───── Supplied records ─────

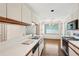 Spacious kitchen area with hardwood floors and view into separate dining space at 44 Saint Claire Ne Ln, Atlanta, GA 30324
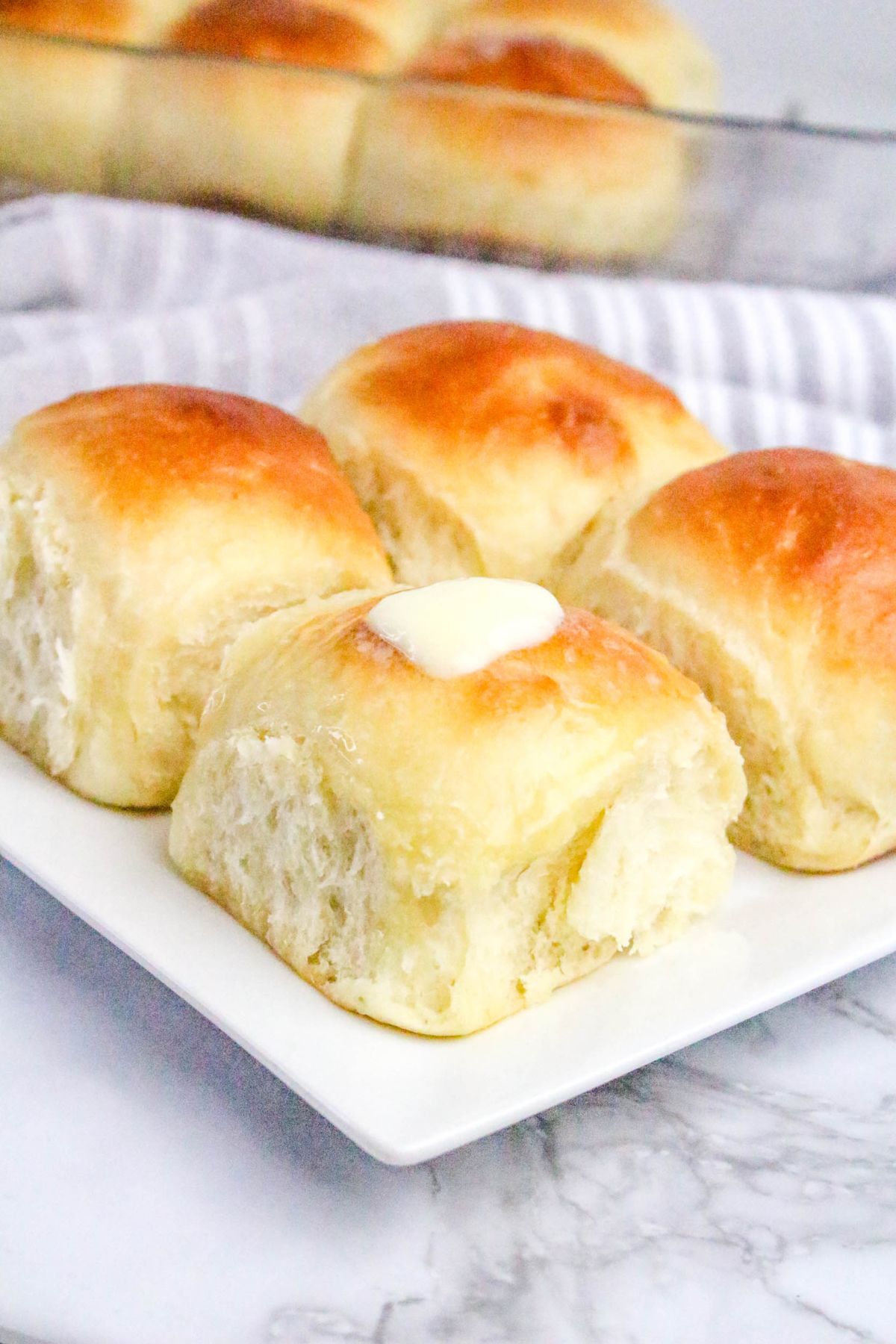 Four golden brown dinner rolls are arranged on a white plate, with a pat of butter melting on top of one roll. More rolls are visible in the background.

─────
───── Supplied records ─────

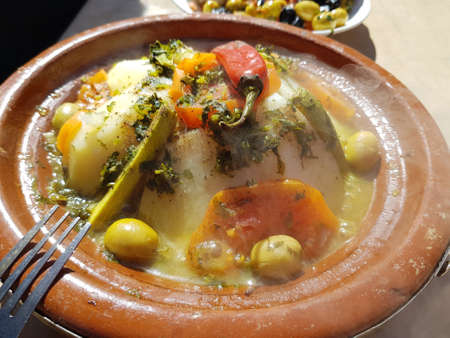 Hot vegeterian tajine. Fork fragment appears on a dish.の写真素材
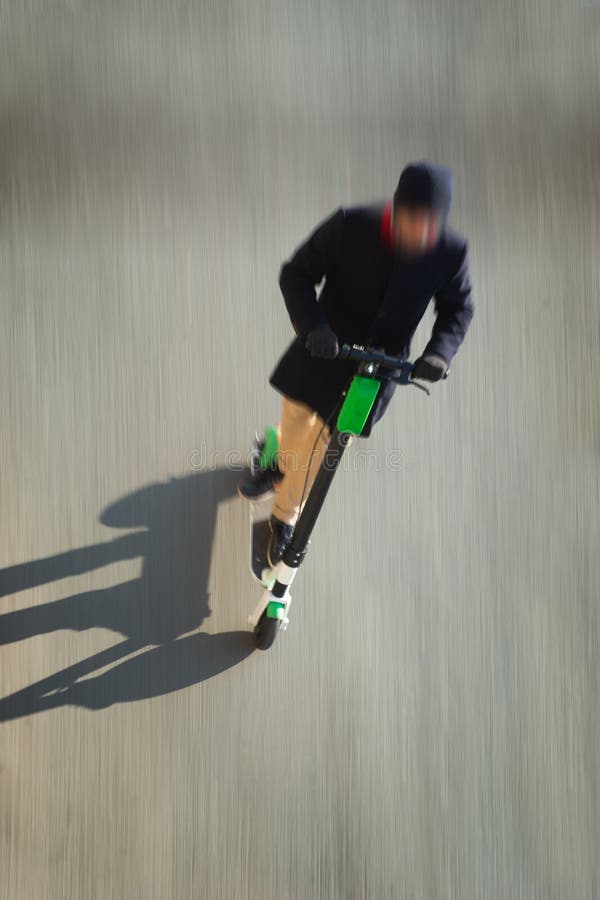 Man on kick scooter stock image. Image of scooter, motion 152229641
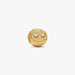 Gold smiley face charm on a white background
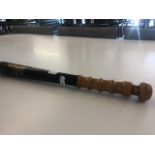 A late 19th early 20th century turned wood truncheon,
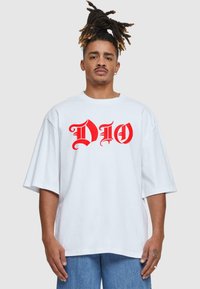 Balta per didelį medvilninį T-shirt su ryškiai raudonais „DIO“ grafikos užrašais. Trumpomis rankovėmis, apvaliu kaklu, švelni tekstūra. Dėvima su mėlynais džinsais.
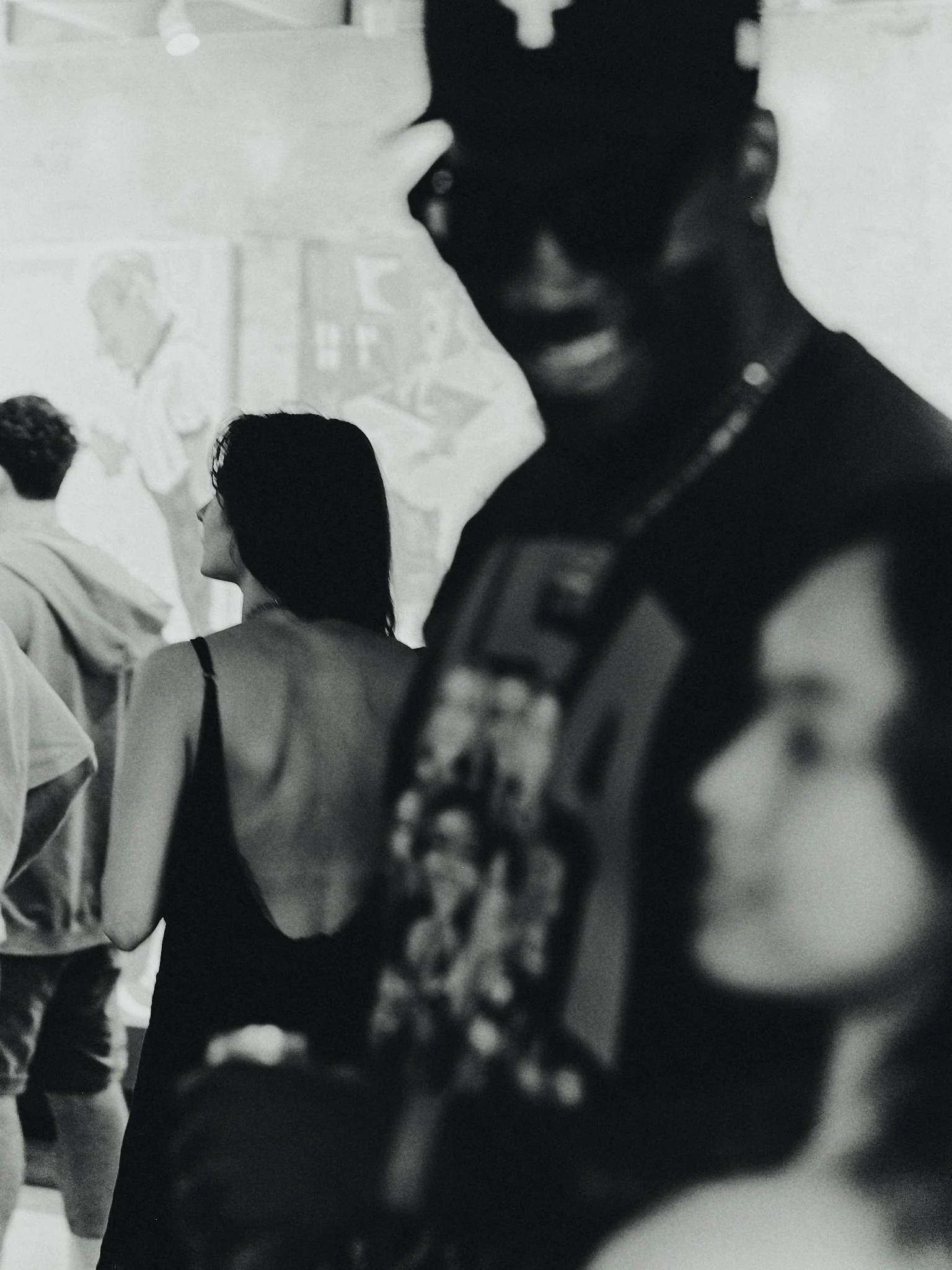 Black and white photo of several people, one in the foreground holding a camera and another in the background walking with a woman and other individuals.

─────
───── Supplied records ─────

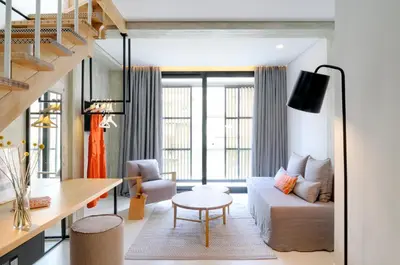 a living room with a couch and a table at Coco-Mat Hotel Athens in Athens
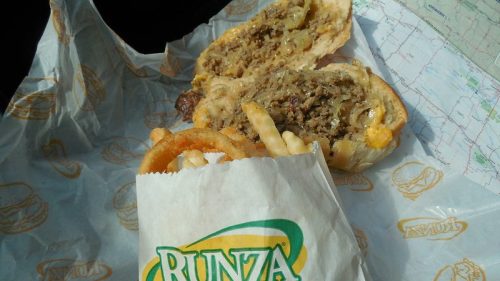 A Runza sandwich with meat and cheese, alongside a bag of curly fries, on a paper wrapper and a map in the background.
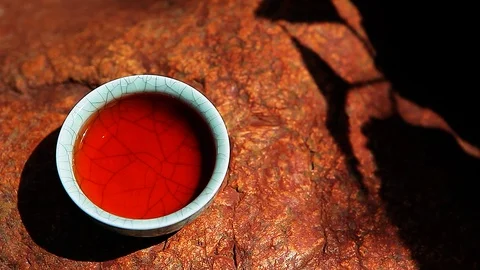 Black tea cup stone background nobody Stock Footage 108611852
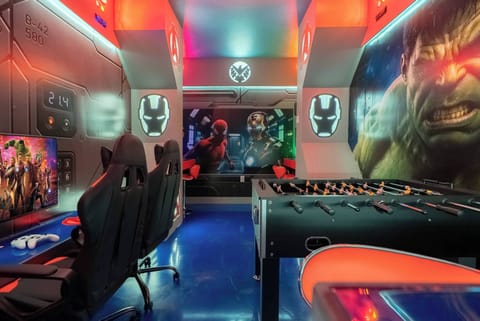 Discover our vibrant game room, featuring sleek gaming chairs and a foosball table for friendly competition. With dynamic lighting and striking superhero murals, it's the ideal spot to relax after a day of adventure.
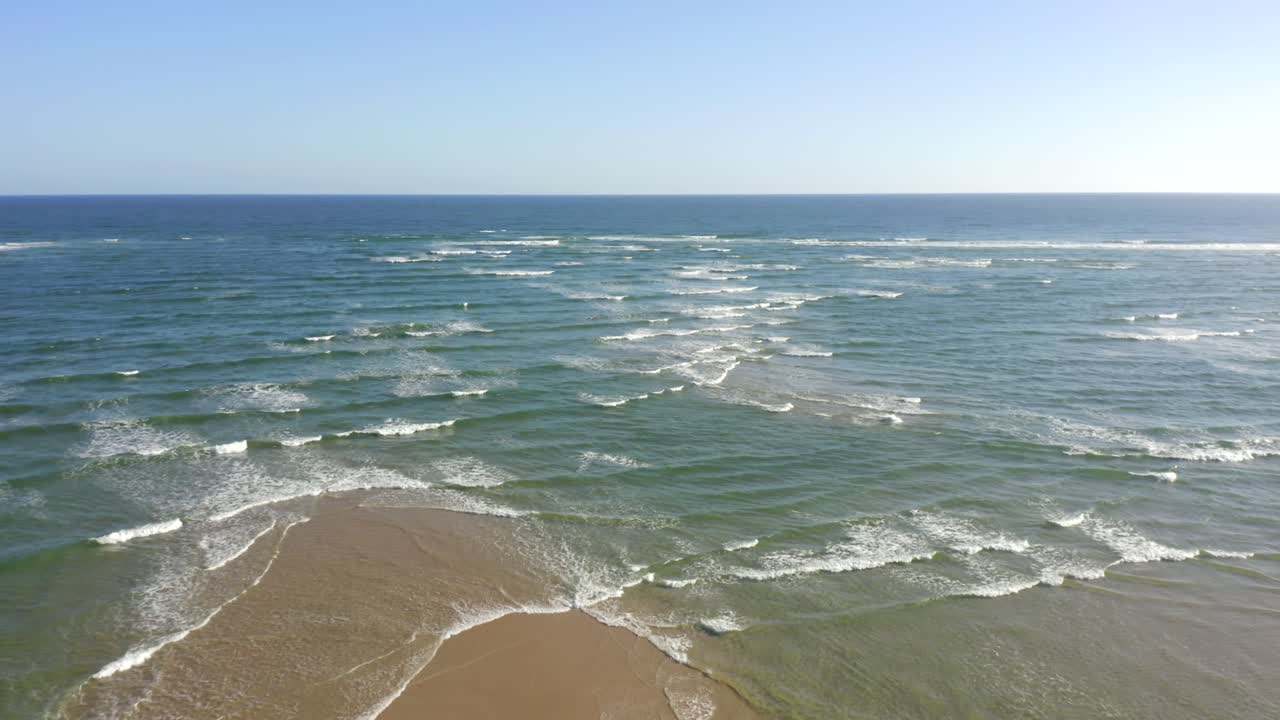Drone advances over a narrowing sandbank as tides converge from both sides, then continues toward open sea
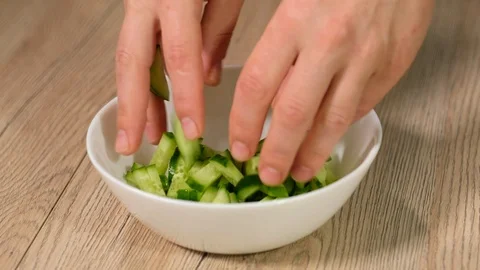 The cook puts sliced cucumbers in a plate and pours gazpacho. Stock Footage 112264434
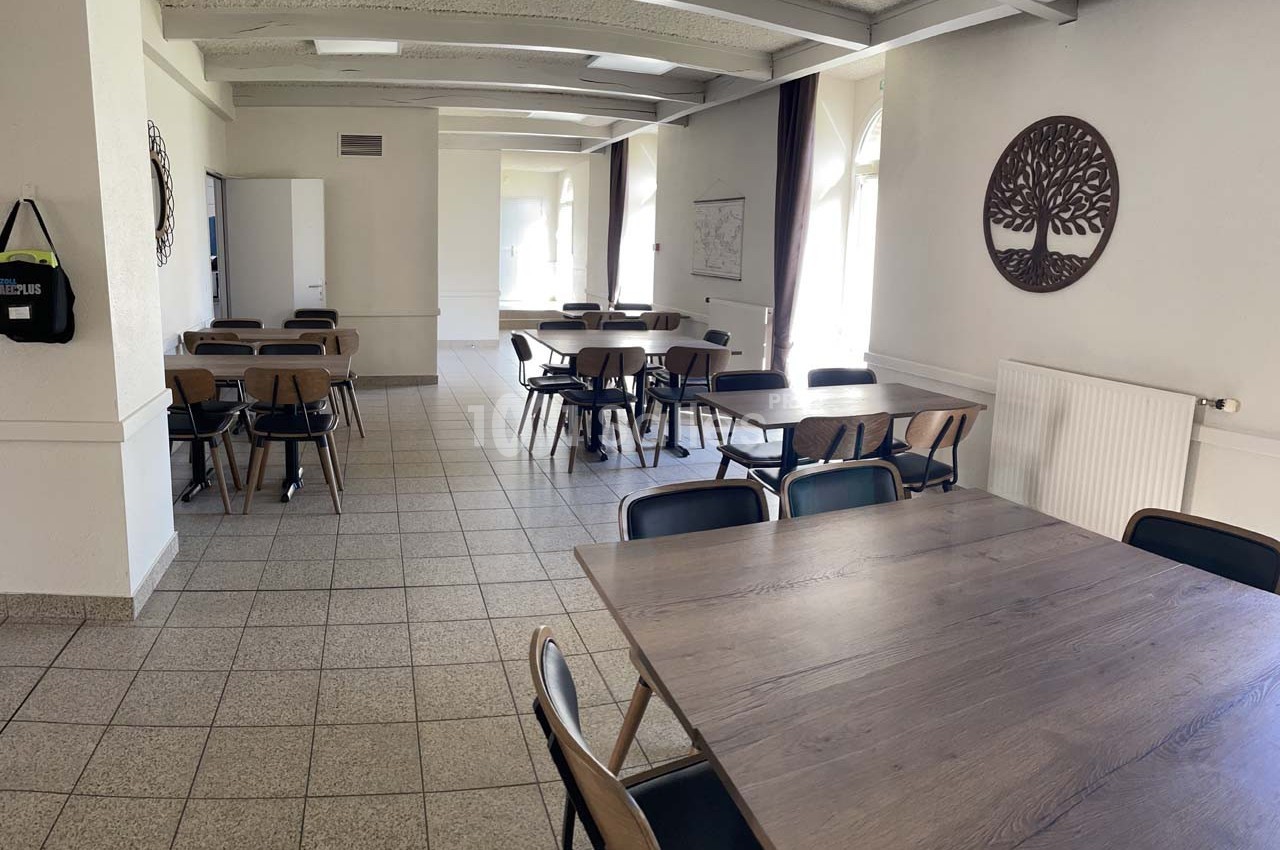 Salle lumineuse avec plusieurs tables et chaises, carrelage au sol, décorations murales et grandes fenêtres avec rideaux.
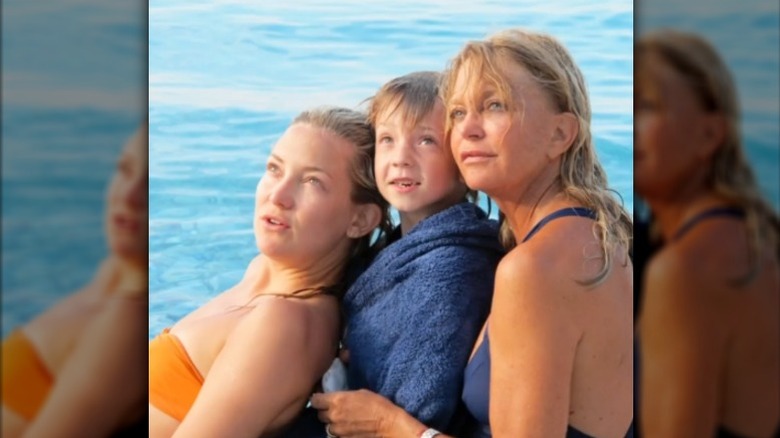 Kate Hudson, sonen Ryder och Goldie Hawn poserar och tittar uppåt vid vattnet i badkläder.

─────

Prompt:
Write out word for word the lines above that run from the one with "Gold smiley face charm on a white background" to the one with "Black and white". Include both end lines; exclude the images.

Finished task:
 Gold smiley face charm on a white background
 A late 19th early 20th century turned wood truncheon,
 Balta per didelį medvilninį T-shirt su ryškiai raudonais „DIO“ grafikos užrašais. Trumpomis rankovėmis, apvaliu kaklu, švelni tekstūra. Dėvima su mėlynais džinsais.
 Black and white photo of several people, one in the foreground holding a camera and another in the background walking with a woman and other individuals.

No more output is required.